Abstract
The CADE ATP System Competition (CASC) is an annual evaluation of fully automatic, classical logic Automated Theorem Proving (ATP) systems. CASC-J7 was the nineteenth competition in the CASC series. Twenty-four ATP systems and system variants competed in the various competition and demonstration divisions. An outline of the competition design, and a commentated summary of the results, are presented.
Introduction
The CADE ATP System Competition (CASC) is an annual evaluation of fully automatic, classical logic Automated Theorem Proving (ATP) systems – the world championship for such systems. One purpose of CASC is to provide a public evaluation of the relative capabilities of ATP systems. Additionally, CASC aims to stimulate ATP research, to motivate development and implementation of robust ATP systems that are useful and easily deployed in applications, to provide an inspiring environment for personal interaction between ATP researchers, and to expose ATP systems within and beyond the ATP community. Fulfillment of these objectives provides insight and stimulus for the development of more powerful ATP systems, leading to increased and more effective use.

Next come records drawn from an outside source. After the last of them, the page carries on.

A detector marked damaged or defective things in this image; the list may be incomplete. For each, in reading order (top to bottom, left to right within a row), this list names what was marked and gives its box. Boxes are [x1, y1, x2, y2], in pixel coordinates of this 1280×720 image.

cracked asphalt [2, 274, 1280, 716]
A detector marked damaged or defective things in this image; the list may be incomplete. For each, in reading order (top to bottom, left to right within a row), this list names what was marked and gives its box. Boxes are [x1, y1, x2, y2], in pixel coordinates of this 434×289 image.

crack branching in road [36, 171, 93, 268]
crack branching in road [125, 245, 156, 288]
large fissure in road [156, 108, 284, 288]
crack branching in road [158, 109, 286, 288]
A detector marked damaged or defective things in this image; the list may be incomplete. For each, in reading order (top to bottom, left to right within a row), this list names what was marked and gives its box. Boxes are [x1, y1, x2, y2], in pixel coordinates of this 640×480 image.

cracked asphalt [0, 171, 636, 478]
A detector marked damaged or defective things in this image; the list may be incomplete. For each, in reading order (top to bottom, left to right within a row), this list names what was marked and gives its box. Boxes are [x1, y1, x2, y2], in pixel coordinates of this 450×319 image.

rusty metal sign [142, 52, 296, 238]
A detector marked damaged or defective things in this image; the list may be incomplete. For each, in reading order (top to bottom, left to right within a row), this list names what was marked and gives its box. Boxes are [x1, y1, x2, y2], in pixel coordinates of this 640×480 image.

CASC-J7 was held on 20th July 2014 in Vienna, Austria, as part of the 7th International Joint Conference on Automated Reasoning, which was in turn part of the Federated Logic Conference (FLoC) component of the 2014 Vienna Summer of Logic. The “FLoC Olympic Games” hosted 14 competitions in various areas of logic and reasoning, which provided the CASC-J7 entrants the opportunity to observe and interact with entrants with other types of reasoning tools. CASC-J7 was the nineteenth competition in the CASC series; see [13] and citations therein for information about individual previous competitions. Twenty-four ATP systems and system variants, listed in Table 1, competed in the various divisions of CASC-J7. The division winners of CASC-24 (the previous CASC) were automatically entered to provide benchmarks against which progress can be judged.1
In the THF division (see Section 2.1 for details of the divisions) the CASC-24 runner-up, Satallax 2.7, was entered instead of the CASC-24 winner, Satallax-MaLeS 1.2, because it was too hard to install Satallax-MaLeS 1.2 on the new competition computers. This had the useful side effect of providing a comparison between the plain Satallax and the MaLeS enhanced version – see Section 3.1. As the UEQ division had been suspended since CASC-23 in 2011, the CASC-23 UEQ winner was entered.

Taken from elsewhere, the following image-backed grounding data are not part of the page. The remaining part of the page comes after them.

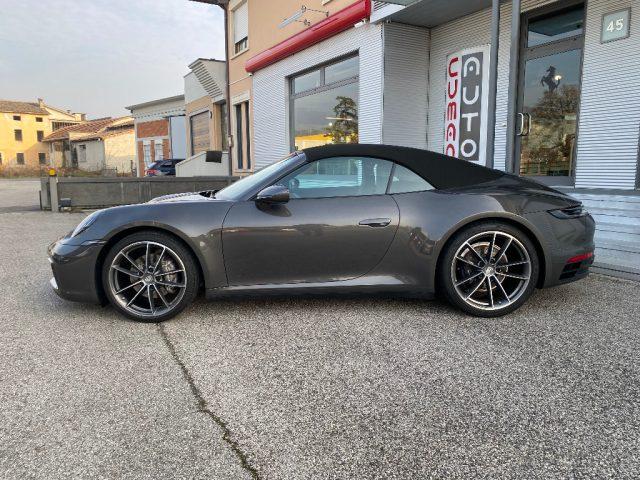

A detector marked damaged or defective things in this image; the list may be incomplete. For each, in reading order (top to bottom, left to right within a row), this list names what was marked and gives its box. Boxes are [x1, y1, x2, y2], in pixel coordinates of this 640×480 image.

crack in asphalt [158, 322, 260, 480]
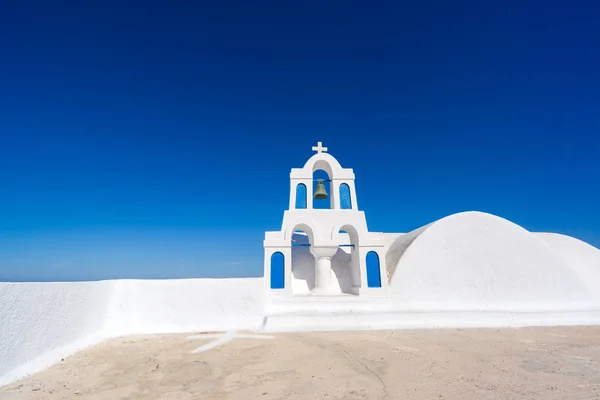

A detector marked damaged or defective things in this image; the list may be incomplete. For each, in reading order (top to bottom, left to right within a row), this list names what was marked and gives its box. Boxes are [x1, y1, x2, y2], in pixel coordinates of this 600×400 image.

cracked concrete surface [3, 326, 600, 398]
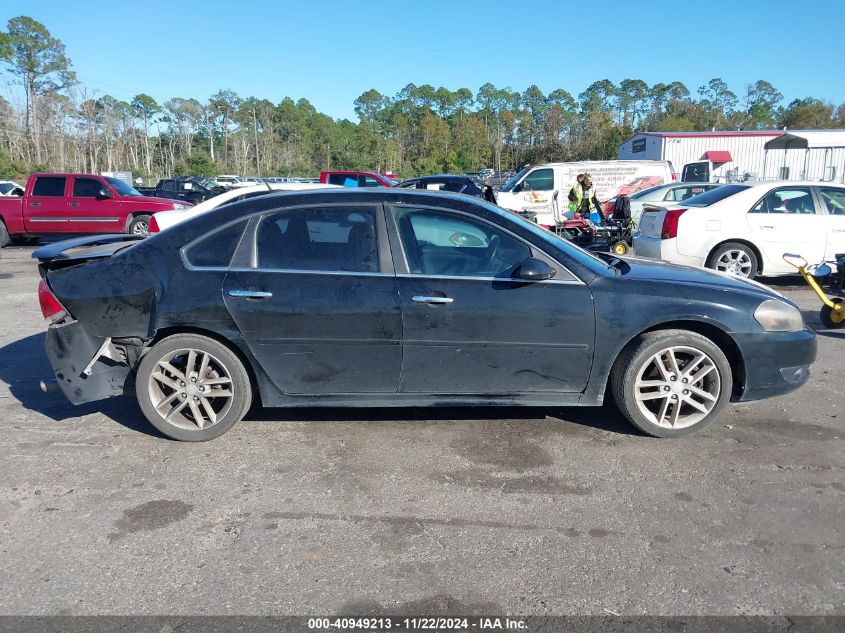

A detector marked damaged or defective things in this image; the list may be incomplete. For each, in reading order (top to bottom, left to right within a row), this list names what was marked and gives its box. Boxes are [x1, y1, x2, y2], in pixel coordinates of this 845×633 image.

damaged rear bumper [45, 320, 132, 404]
damaged black sedan [34, 189, 816, 440]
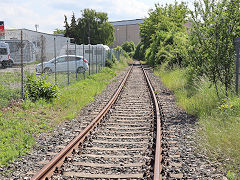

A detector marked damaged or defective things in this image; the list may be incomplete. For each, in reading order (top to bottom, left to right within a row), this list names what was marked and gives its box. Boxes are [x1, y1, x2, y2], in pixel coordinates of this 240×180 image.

rusty rail [30, 65, 133, 180]
rusty rail [141, 64, 163, 179]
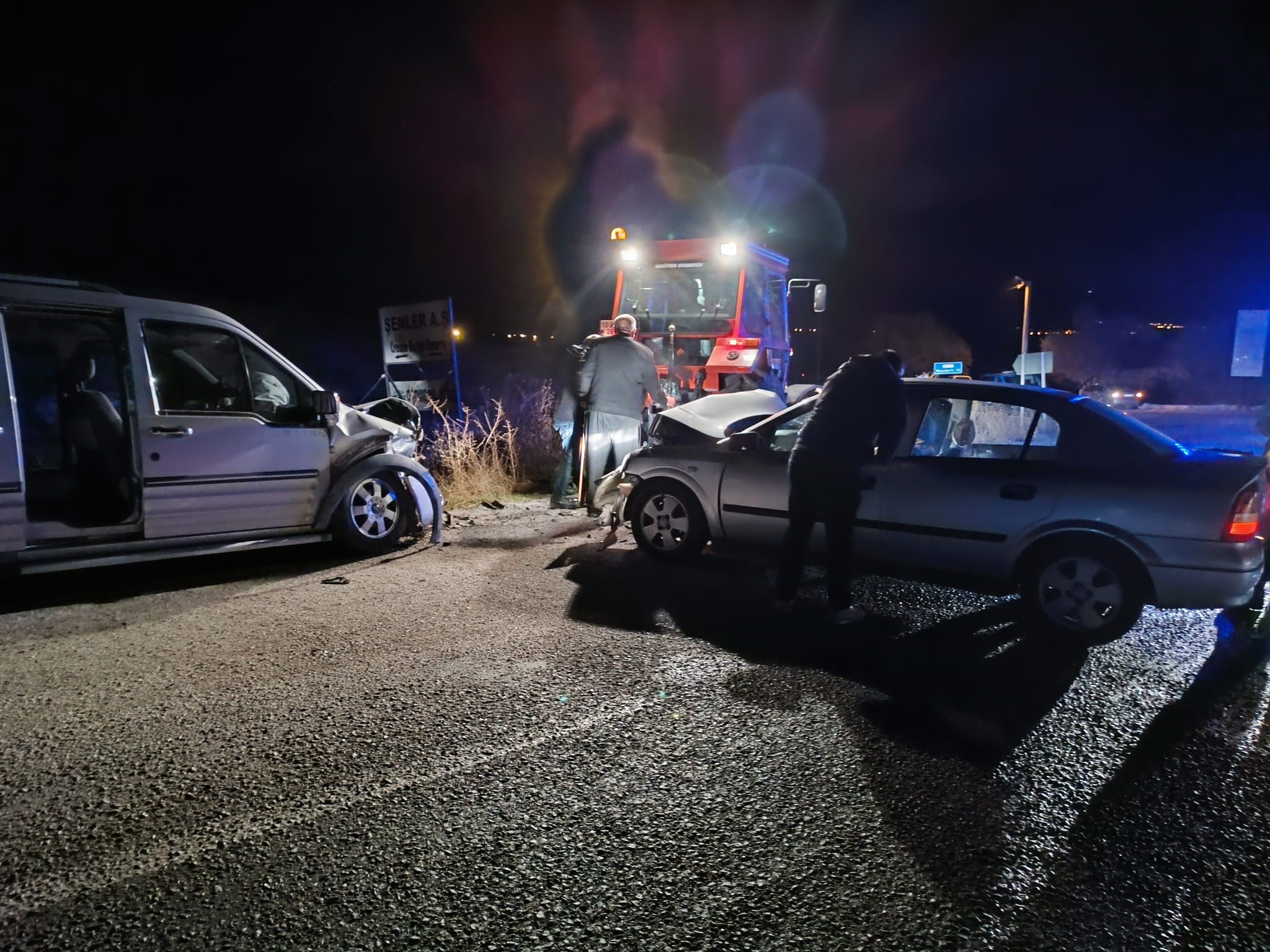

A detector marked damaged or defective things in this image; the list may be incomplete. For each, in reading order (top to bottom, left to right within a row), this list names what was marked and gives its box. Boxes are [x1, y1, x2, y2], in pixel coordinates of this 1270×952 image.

van's damaged front end [322, 395, 446, 543]
car's crumpled hood [655, 388, 782, 441]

The ATP systems and entrants
CASC-J7 was organized by Geoff Sutcliffe, and overseen by a panel consisting of Bernhard Beckert, Maria Paola Bonacina and Aart Middeldorp. The competition was run on computers provided by the StarExec project [7], at the University of Iowa.

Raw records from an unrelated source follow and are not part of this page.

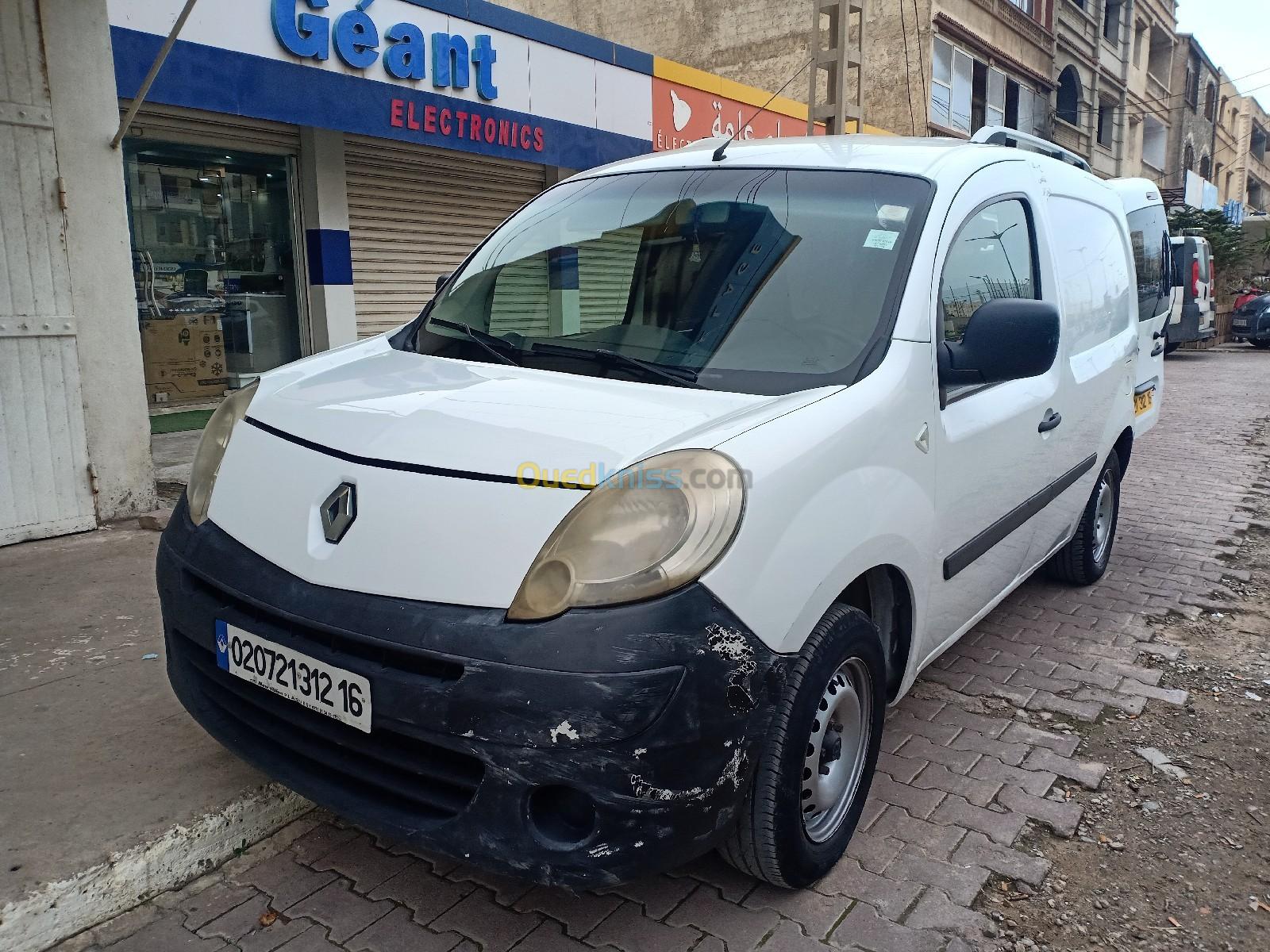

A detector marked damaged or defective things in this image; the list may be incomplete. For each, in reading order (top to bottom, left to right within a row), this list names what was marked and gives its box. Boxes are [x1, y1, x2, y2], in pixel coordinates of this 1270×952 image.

damaged front bumper [157, 501, 787, 889]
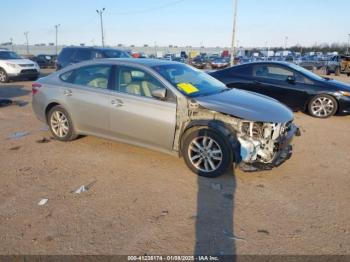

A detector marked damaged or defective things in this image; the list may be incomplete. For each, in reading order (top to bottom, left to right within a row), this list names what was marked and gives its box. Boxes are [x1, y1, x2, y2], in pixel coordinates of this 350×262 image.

crumpled hood [196, 88, 294, 123]
damaged front quarter panel [174, 96, 300, 172]
damaged front bumper [239, 124, 300, 172]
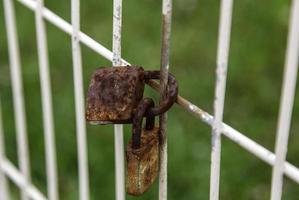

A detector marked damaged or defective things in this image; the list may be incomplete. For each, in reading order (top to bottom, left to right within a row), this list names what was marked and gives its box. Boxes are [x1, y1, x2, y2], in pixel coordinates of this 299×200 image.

rusted metal surface [85, 65, 145, 124]
corroded lock face [85, 66, 145, 124]
large rusty padlock [85, 65, 178, 124]
rusty padlock [86, 66, 178, 124]
small rusty padlock [126, 97, 159, 195]
rusty padlock [126, 97, 159, 196]
large rusty padlock [126, 97, 159, 196]
corroded lock face [126, 127, 159, 196]
rusted metal surface [126, 126, 161, 195]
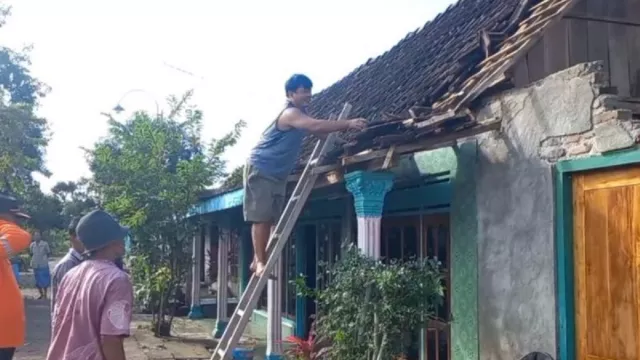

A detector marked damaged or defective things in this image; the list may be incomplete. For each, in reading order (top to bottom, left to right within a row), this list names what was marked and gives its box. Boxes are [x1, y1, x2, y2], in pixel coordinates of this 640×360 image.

damaged roof [296, 0, 580, 170]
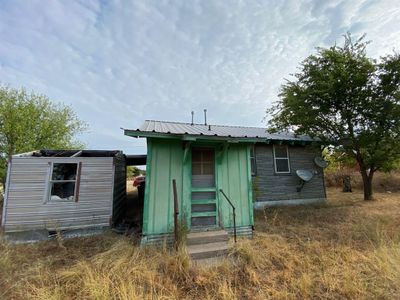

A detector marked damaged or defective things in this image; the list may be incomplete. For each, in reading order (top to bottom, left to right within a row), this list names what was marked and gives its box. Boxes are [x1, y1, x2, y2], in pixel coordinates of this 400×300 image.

rusty metal roof [125, 119, 316, 142]
broken window [49, 164, 78, 202]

This paper is organized as follows: Section 2 outlines the design and organization of CASC-J7. Section 3 provides a commentated summary of the results. Section 4 contains short descriptions of three of the ATP systems. Section 5 concludes and discusses plans for future CASCs.
Divisions and problem categories
Divisions and problem categories
Important changes for CASC-J7 were:2
This summary of changes is most useful for readers who are already familiar with the general design of CASC. Other readers can skip to Section 2.1.
The competition was run on StarExec. Systems had to be delivered as StarExec installation packages.
Systems had to use the SZS ontology and standards [9] for reporting their results.
The LTB division took a one year hiatus, to simplify the move to StarExec.
The UEQ division returned from its three year hiatus.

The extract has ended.